THE DATA:
# # # #

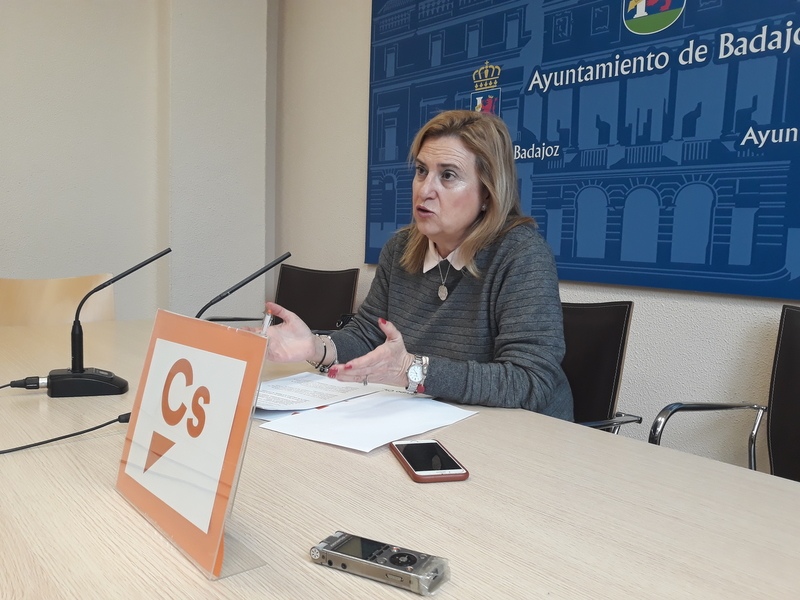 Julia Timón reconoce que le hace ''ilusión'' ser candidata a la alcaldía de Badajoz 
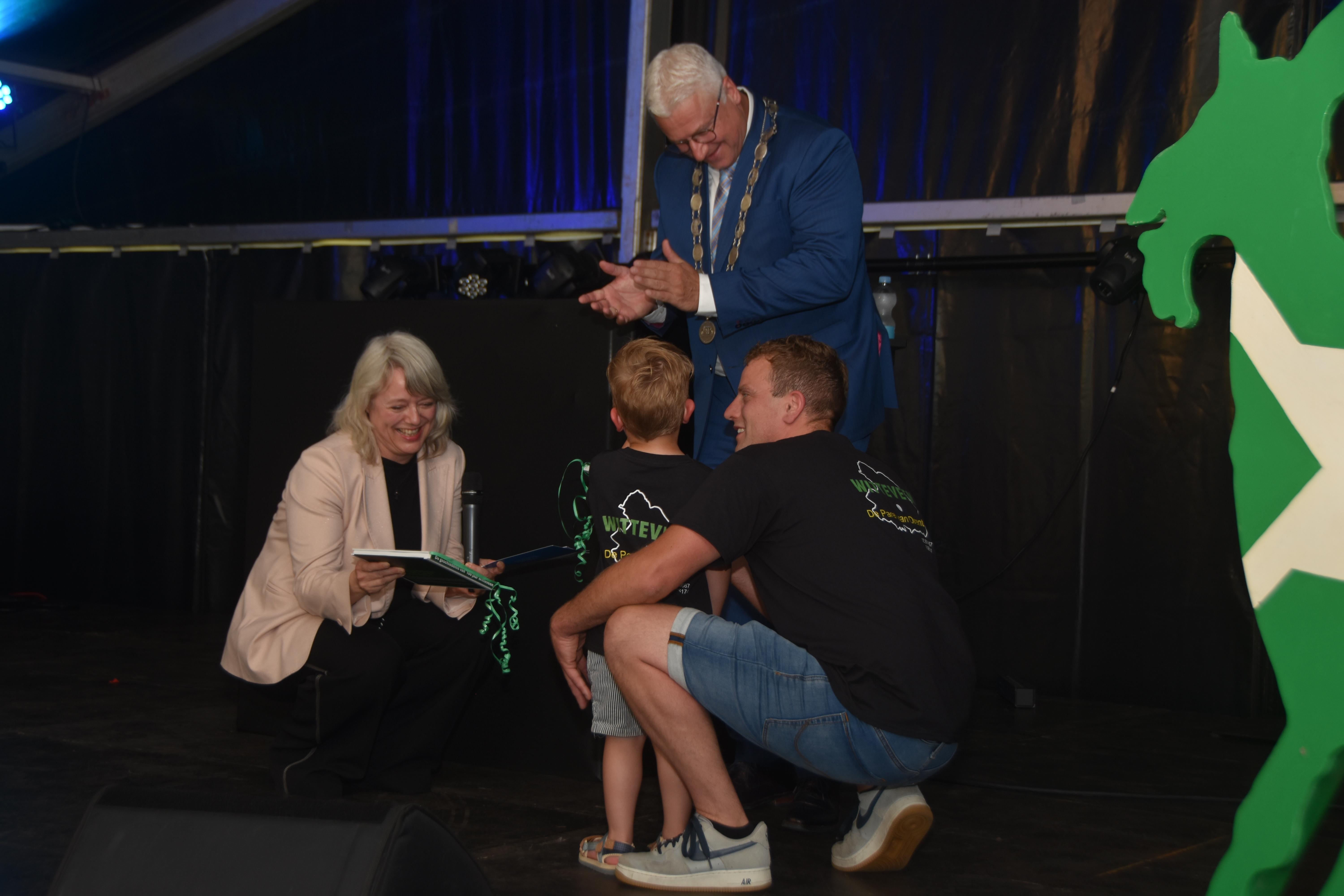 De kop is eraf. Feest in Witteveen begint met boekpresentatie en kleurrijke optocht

# # # #

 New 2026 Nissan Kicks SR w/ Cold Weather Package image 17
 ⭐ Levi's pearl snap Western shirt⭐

# # # #

TRY IT:
Repeat exactly the stretch of the listing above that starts with the line holding "Julia Timón reconoce" and finishes with the line holding "De kop is eraf.", both included. Skip every picture.

ANSWER SPACE:
 Julia Timón reconoce que le hace ''ilusión'' ser candidata a la alcaldía de Badajoz 
 De kop is eraf. Feest in Witteveen begint met boekpresentatie en kleurrijke optocht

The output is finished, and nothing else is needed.